Benefici prima casa: la vendita senza riacquisto li fa decadere
Il frazionamento, e la successiva alienazione a titolo oneroso, dell’immobile prima casa, fa decadere dalle agevolazioni fiscali godute al momento dell’acquisto originario, qualora il titolare non provveda all’acquisto di un secondo immobile con caratteristiche prima casa. La questione è abbastanza elementare, ma può complicarsi se, come nel caso di cui si è occupata recentemente una sentenza della Cassazione (la n. 1833 del 23 gennaio 2019), la questione riguarda un immobile prima casa acquistato coi benefici nel 2004 e successivamente frazionato in modo tale da ricavarne due unità distinte, le quali, poi, sono state a loro volta vendute a distanza di tempo (la prima nel 2005 la prima e la seconda 2007) senza che il titolare, come previsto appunto dalla normativa sui benefici prima casa, acquistasse un secondo immobile entro un anno dalla vendita del secondo immobile ricavato dal frazionamento.
Nella sostanza, la citata sentenza della Cassazione non ha fatto altro che confermare la sentenza precedente della Ctr, che aveva ribaltato quella della Ctp. Il caso, come accennato, riguardava un contribuente che aveva goduto delle agevolazioni prima casa per un appartamento acquistato nel 2004. Lo stesso immobile era stato poi frazionato in due unità.
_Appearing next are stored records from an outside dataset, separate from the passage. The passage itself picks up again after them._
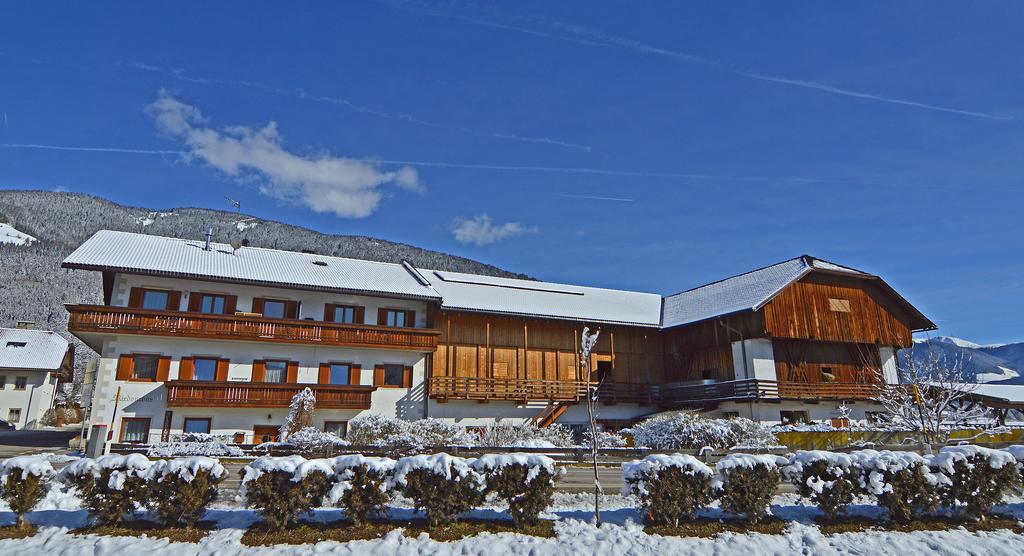 Niedermairhof Villa ฟัลเซส ภายนอก รูปภาพ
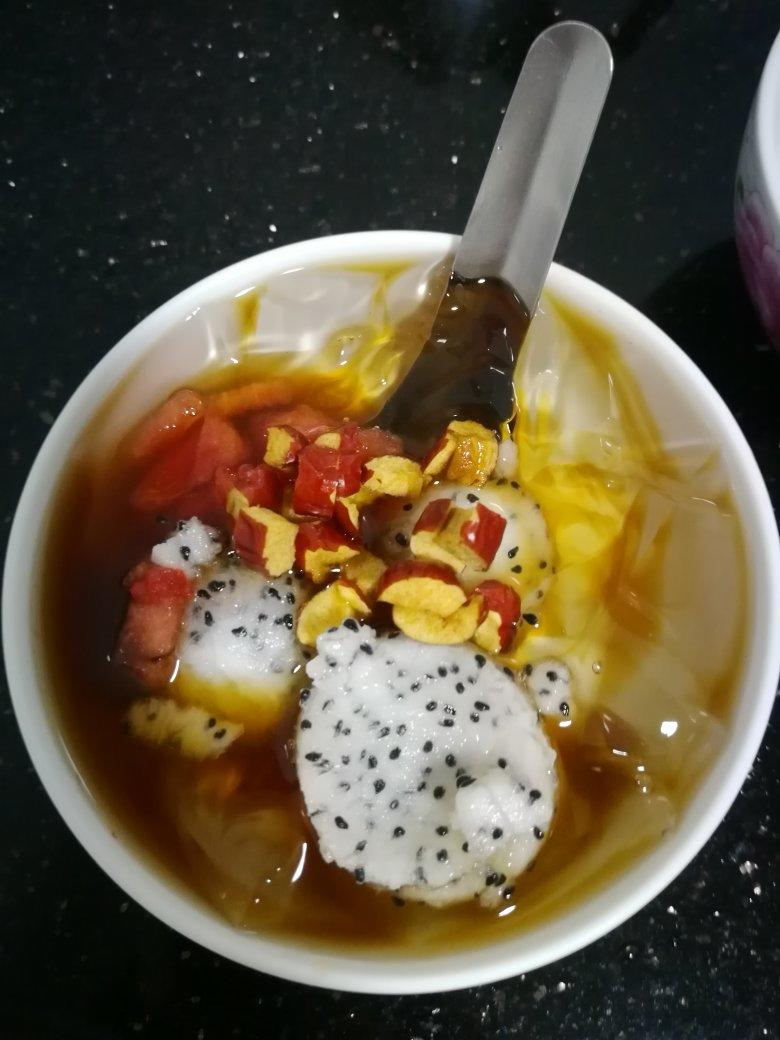 自制晶莹剔透、口感凉滑的——冰粉粉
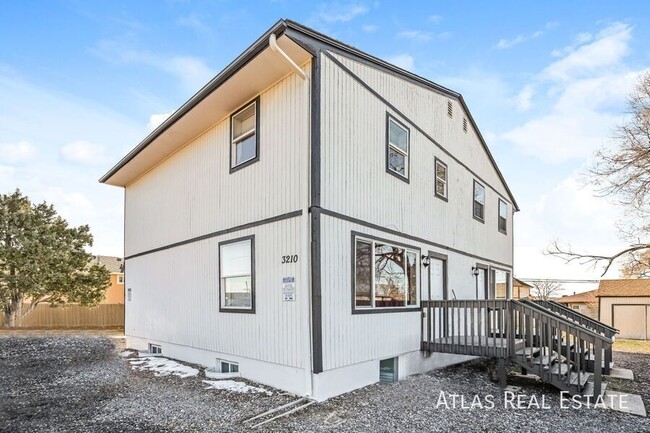 Building Photo - 3210 W Longfellow Pl Unit A Rental
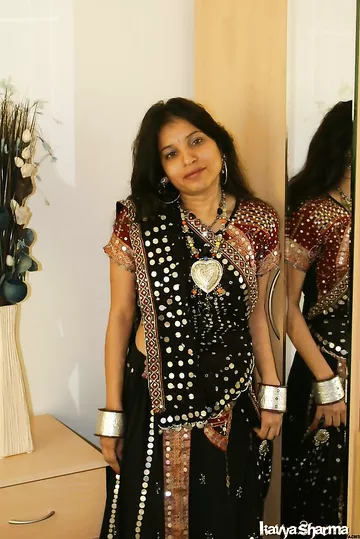 Indian Babe Nude Sexy Dance Gujarati Dress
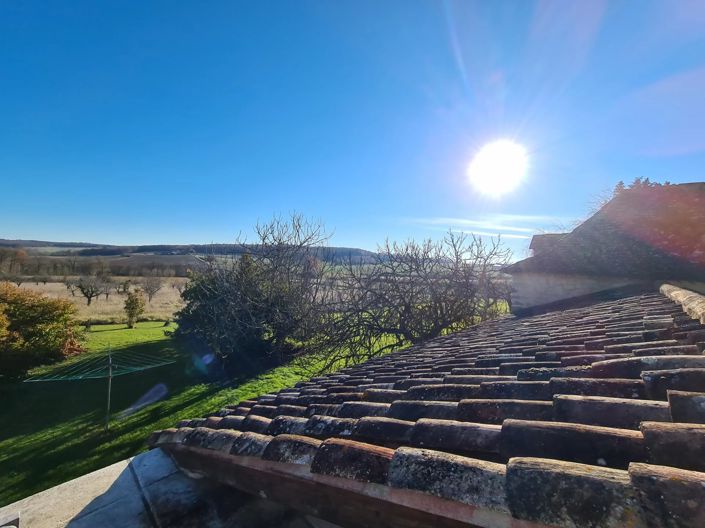 Image No.3-7 Bed Farmhouse for sale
Il titolare, vivendo in una delle due, aveva venduto l’altra nel 2005 e poi nel 2007 aveva venduto anche la seconda, senza però procedere, entro un anno dalla seconda vendita, all’acquisto di un altro immobile prima casa, e ciò l’aveva fatto decadere dalle agevolazioni. Di qui la cartella notificata dall’amministrazione che nel 2011 comminava al contribuente la maggiore imposta non versata, con annesse le sanzioni più gli interessi.
In linea generale la normativa stabilisce infatti che se entro cinque anni dall’acquisto dell’immobile prima casa, lo stesso immobile viene venduto senza che il titolare ne acquisti un altro entro dodici mesi dalla vendita, i benefici vengono annullati. Ora, nel caso specifico, gli immobili venduti sono in realtà due, ricavati appunto dal frazionamento di quello originario, ma il nodo della questione non è tanto la decadenza in sé dai benefici, quanto la tempistica dubbia della notifica di decadenza da parte dell’amministrazione, arrivata nel 2011. Si parta dal presupposto che l’amministrazione finanziaria può procedere con il recupero dell’imposta (quindi con la notifica dell’accertamento) entro il termine triennale decorrente dall’avvenuta violazione (in pratica il mancato riacquisto dopo l’anno di transizione).
Detto ciò, trattandosi nella fattispecie del caso “anomalo” di due unità immobiliari vendute entro l’arco del primo quinquennio, senza un nuovo riacquisto nei 12 mesi successivi alla vendita, il termine di decorrenza per il calcolo del triennio entro cui notificare l’accertamento non poteva essere altro se non lo scadere dei dodici mesi successivi alla vendita del secondo immobile, di cui il contribuente aveva comunque mantenuto la titolarità (vivendoci) anche dopo la vendita del primo dei due immobili nati dal frazionamento. Quindi in pratica, essendo stato venduto il secondo immobile nel 2007, e non essendone stato riacquistato un altro entro il 2008, ecco che la notifica dell’amministrazione, scattata nel 2011 (tre anni dopo il mancato riacquisto), è da ritenersi tempestiva. E questo, infatti, hanno confermato sia la sentenza di appello della Ctr, sia quella in terzo grado della Cassazione, dopo che in primo grado la Ctp aveva invece dato ragione al contribuente, dichiarando la notifica tardiva.